The film starts with what any good maker of clothing starts with: the fabric. The brilliant blue fabric of the titular garment is shot so sensually that you can practically feel it through the screen. As Halim painstakingly works on its intricate gold embroidery, we watch it slowly transform from a mere piece of fabric into a full garment, one that is strongly crafted enough to last for decades with the proper care. Touzani is not subtle about connecting the work that goes into making the caftan to the work that goes into a loving relationship, but she does it in a way that doesn’t feel forced or overwrought. Halim may be attracted to men, but he has still been in a relationship with Mina for many years, and even with the secrets he keeps from her, nobody in the world knows either of them better than the other. Their relationship is complicated – an early sex scene between the two may be instigated by her. Still, he doesn’t shut it down, giving her the attention her body craves even though he may have to throw his mind elsewhere in order to do so. As Mina succumbs more and more to the disease (heavily implied, but never stated, to be cancer) ravaging her body, their relationship hits new peaks of openness and generosity, a powerful reminder that love is so much more than sex and physical attraction.
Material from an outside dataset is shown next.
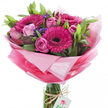 A joyful hand-tied bouquet sits upright in a clear, cylindrical glass vase, its bundled stems visible through the water and glass like the spine of a living painting. The composition is anchored by several large gerbera daisies in a vivid fuchsia-pink, each with a deep, almost black centre that draws the eye and gives the arrangement a confident, dramatic focus. Nestled around those bold blooms are soft pink roses in a variety of stages - from tightly coiled buds that promise unfolding fragrance to fully open roses showing layered, satiny petals - their pastel tones calming the intensity of the gerberas. Lush green foliage, a mix of broad, smooth leaves and more slender stems, forms a verdant scaffolding that lifts and separates the flowers, while small clusters of deep purple-blue filler - likely statice - thread through the bouquet to add fine texture and a cool counterpoint to the warm pinks.
The flowers are wrapped in crinkled, sheer pink cellophane that graduates from a pale, almost translucent halo at the top to a richer, more saturated pink toward the base, creating a soft, celebratory bloom of colour around the heads of the flowers. A length of rustic twine is tied around the neck of the vase, from which hangs a small white rectangular tag printed with a stylised pink-and-green rose logo, a quiet signature of craft and care. In gentle morning light the glossy surfaces catch highlights and the scent reads as softly sweet and green - a bouquet that radiates uplift and bright celebration, perfect for birthdays, new beginnings, or simply to bring cheer to someone in Queensbury.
Touzani draws Youssef just as richly as she does Halim and Mina, even though we get less of him. A mostly quiet observer, when Youssef speaks, he is short and to the point, only interested in living as honestly as he can in this society. Messioui is a wonder in his debut performance, bringing such weight to each glance that we understand him perfectly even though his screen time is limited. His face has an openness that captivates, even through the character’s stoic nature. Messioui’s navigation of the knotty love triangle between Youssef, Halim, and Mina is indicative of a true talent. Azabal and Bakri do their part, too, delivering two of the best performances of the year as a couple in crisis finding renewed connection even as they are being led apart. Bakri’s hangdog face does a lot of work to bring us into Halim’s melancholy, but the way he captures Halim’s pride as a skilled craftsman and wonder as both Mina and Youssef surprise him in different ways is just as palpable, allowing us to watch as Halim slowly opens up to the world around him. Azabal quietly gives the best performance in the film, as impressive for its interiority as its exteriority. Her emotional range is stunning, especially in Mina’s ever-changing feelings toward Youssef. But it is her physicality that really makes the performance. She charts Mina’s physical decline without the aid of prosthetics, contorting her body and letting her face hang in ways that look like her body is truly being destroyed from the inside. It is a tremendous feat of physical acting, one that makes it impossible not to feel for Mina, who could so easily have been the villain of the piece.
By the time the film reaches its beautifully sad yet ultimately hopeful conclusion, all you can feel is the love that connects the three main characters. It is love in many forms – sexual, fraternal, familial, respectful – but always unconditional, the one thing love should always be. “The Blue Caftan” is very much about three people learning the full extent of what love is, how love can change over time, how it can be tested, and how it tests us. In the deeply complicated, often messy humanity of its main characters, the film does indeed become a many-splendored thing, with the generous performances and graceful direction lifting us up where we belong. Maryam Touzani has shown us how the world could be if we open ourselves up to love and let love rule.